# Raw data
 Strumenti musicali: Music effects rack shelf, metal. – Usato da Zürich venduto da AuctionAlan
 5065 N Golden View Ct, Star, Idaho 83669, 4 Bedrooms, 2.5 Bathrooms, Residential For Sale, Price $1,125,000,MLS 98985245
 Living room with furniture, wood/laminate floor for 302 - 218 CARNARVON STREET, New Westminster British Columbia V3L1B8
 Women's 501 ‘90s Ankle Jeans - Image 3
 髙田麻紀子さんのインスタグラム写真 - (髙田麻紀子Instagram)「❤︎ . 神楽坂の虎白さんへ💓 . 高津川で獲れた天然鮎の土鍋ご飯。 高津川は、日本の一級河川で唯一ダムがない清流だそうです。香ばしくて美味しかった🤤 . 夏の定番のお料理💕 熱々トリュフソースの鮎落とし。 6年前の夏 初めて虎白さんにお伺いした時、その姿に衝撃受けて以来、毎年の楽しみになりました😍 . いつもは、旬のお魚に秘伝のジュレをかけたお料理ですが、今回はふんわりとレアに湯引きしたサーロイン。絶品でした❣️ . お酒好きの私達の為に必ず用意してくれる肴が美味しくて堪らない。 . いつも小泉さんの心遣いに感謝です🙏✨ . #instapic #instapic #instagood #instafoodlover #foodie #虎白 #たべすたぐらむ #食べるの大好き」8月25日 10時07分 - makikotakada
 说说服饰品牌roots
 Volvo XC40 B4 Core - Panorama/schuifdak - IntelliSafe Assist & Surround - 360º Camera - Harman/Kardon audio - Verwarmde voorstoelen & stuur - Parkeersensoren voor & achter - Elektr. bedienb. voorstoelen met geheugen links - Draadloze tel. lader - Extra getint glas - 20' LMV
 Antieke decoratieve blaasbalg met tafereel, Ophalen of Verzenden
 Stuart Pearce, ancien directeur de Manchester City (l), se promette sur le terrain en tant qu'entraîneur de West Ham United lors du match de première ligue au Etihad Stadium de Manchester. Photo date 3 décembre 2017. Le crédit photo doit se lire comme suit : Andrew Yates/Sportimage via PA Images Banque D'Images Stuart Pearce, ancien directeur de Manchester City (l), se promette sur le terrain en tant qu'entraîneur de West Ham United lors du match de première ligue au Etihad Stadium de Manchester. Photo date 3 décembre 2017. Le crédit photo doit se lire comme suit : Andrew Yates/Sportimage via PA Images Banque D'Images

# Try it
Exactly as they appear above, transcribe the records in full.

# Result of this exercise
 Strumenti musicali: Music effects rack shelf, metal. – Usato da Zürich venduto da AuctionAlan
 5065 N Golden View Ct, Star, Idaho 83669, 4 Bedrooms, 2.5 Bathrooms, Residential For Sale, Price $1,125,000,MLS 98985245
 Living room with furniture, wood/laminate floor for 302 - 218 CARNARVON STREET, New Westminster British Columbia V3L1B8
 Women's 501 ‘90s Ankle Jeans - Image 3
 髙田麻紀子さんのインスタグラム写真 - (髙田麻紀子Instagram)「❤︎ . 神楽坂の虎白さんへ💓 . 高津川で獲れた天然鮎の土鍋ご飯。 高津川は、日本の一級河川で唯一ダムがない清流だそうです。香ばしくて美味しかった🤤 . 夏の定番のお料理💕 熱々トリュフソースの鮎落とし。 6年前の夏 初めて虎白さんにお伺いした時、その姿に衝撃受けて以来、毎年の楽しみになりました😍 . いつもは、旬のお魚に秘伝のジュレをかけたお料理ですが、今回はふんわりとレアに湯引きしたサーロイン。絶品でした❣️ . お酒好きの私達の為に必ず用意してくれる肴が美味しくて堪らない。 . いつも小泉さんの心遣いに感謝です🙏✨ . #instapic #instapic #instagood #instafoodlover #foodie #虎白 #たべすたぐらむ #食べるの大好き」8月25日 10時07分 - makikotakada
 说说服饰品牌roots
 Volvo XC40 B4 Core - Panorama/schuifdak - IntelliSafe Assist & Surround - 360º Camera - Harman/Kardon audio - Verwarmde voorstoelen & stuur - Parkeersensoren voor & achter - Elektr. bedienb. voorstoelen met geheugen links - Draadloze tel. lader - Extra getint glas - 20' LMV
 Antieke decoratieve blaasbalg met tafereel, Ophalen of Verzenden
 Stuart Pearce, ancien directeur de Manchester City (l), se promette sur le terrain en tant qu'entraîneur de West Ham United lors du match de première ligue au Etihad Stadium de Manchester. Photo date 3 décembre 2017. Le crédit photo doit se lire comme suit : Andrew Yates/Sportimage via PA Images Banque D'Images Stuart Pearce, ancien directeur de Manchester City (l), se promette sur le terrain en tant qu'entraîneur de West Ham United lors du match de première ligue au Etihad Stadium de Manchester. Photo date 3 décembre 2017. Le crédit photo doit se lire comme suit : Andrew Yates/Sportimage via PA Images Banque D'Images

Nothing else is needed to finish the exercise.